* [Excerpted records]:
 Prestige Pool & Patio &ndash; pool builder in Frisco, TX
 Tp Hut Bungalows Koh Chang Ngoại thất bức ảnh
--
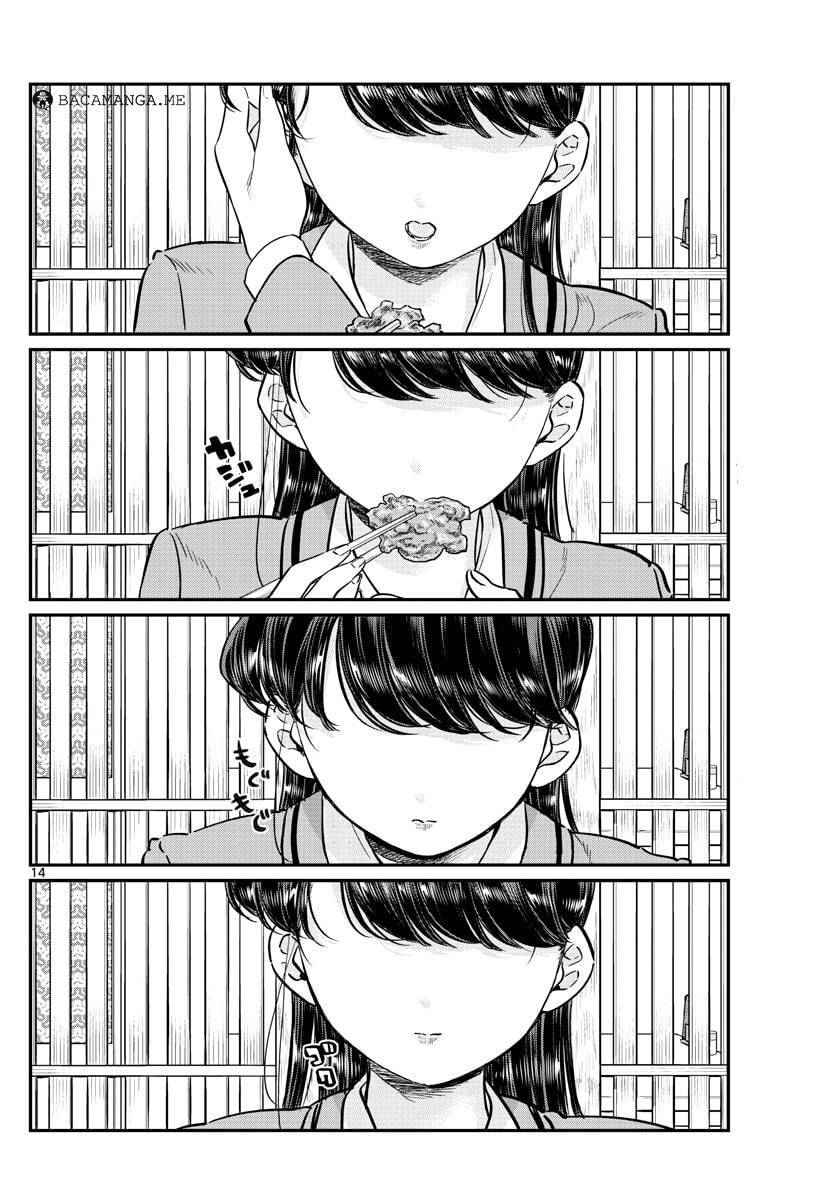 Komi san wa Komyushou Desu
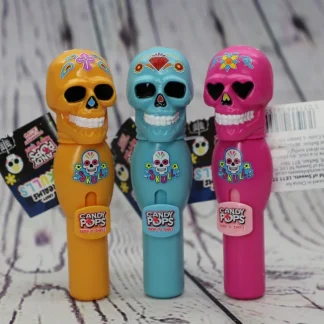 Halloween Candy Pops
==
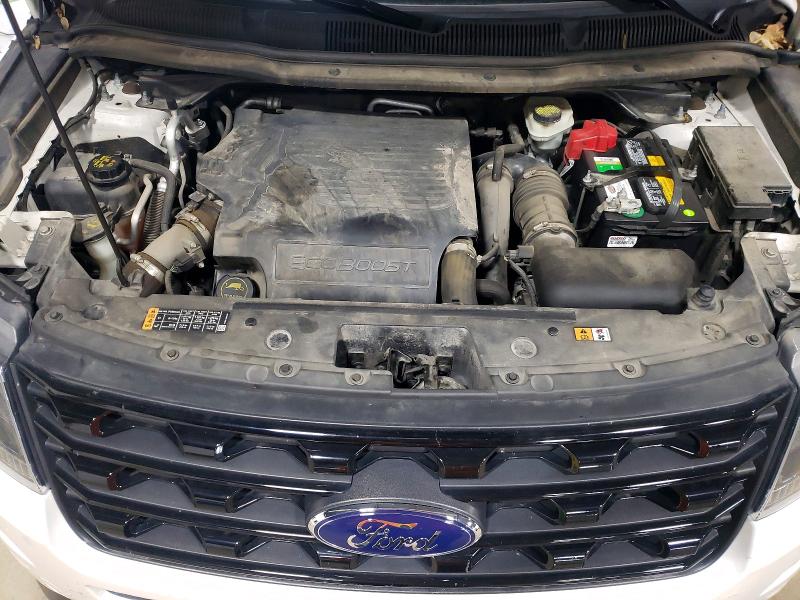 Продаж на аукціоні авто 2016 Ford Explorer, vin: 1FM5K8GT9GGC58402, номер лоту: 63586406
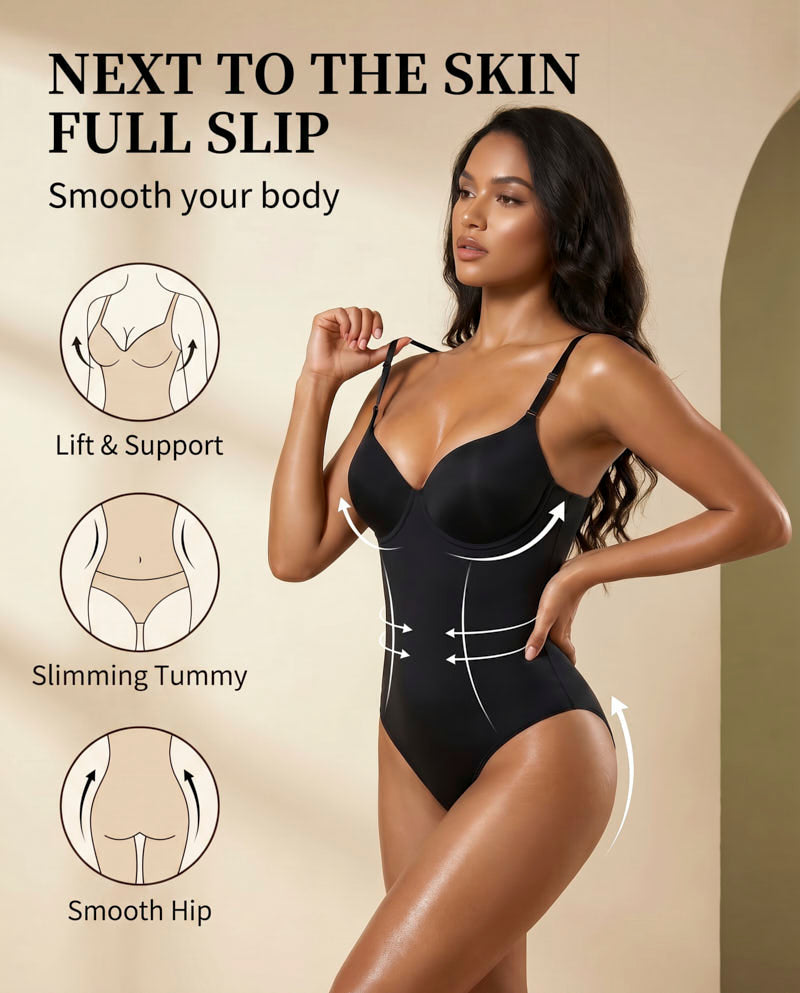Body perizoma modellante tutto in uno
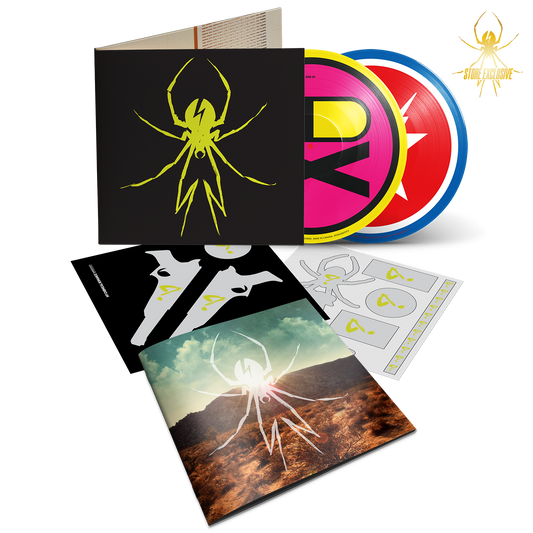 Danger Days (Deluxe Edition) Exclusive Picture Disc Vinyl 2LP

* [Work to complete]:
Given the records above, return exactly the lines starting at the line containing "Prestige Pool &" and ending at the line containing "Tp Hut Bungalows", including both.

* [Written solution]:
 Prestige Pool & Patio &ndash; pool builder in Frisco, TX
 Tp Hut Bungalows Koh Chang Ngoại thất bức ảnh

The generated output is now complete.